7. Cross-Team Communication Protocols Matter: The collaboration with Cloudflare to understand the root cause routing issue was essential for preventing recurrence.

Building Anti-Fragile Systems

The most impressive aspect of Canva's response wasn't just their technical recovery, but their systematic approach to preventing similar failures. Their action plan addresses multiple layers of the stack, from infrastructure scaling and load shedding to improved deployment guardrails and enhanced monitoring.

They're implementing additional load shedding rules specifically designed to handle traffic patterns like the thundering herd scenario.
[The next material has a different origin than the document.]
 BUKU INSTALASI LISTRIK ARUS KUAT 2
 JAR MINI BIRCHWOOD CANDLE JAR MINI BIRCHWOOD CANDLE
They're expanding their canary release indicators to include page load completion events, not just error rates. And they're adding regular load testing that specifically targets the API Gateway's ability to handle traffic surges.

Perhaps most importantly, they're building detailed runbooks for traffic management during incidents. The ability to quickly implement geographical traffic shaping and progressive restoration turned a potential multi-hour outage into a 52-minute learning experience.

The Transparency Dividend

This incident report represents Canva's first public post-mortem, marking a shift toward radical transparency in how they handle system failures. By sharing detailed technical analysis alongside business impact, they're contributing valuable knowledge to the broader engineering community while demonstrating accountability to their users.

The decision to publish this level of detail, including the specific technical bugs, timeline of decisions, and collaboration with external vendors, sets a high bar for incident transparency. It transforms a system failure into a learning opportunity for the entire industry.

As modern applications become increasingly dependent on complex chains of microservices, CDNs, and third-party infrastructure, the lessons from Canva's 52-minute journey through system failure and recovery become essential reading for anyone building resilient digital systems at scale.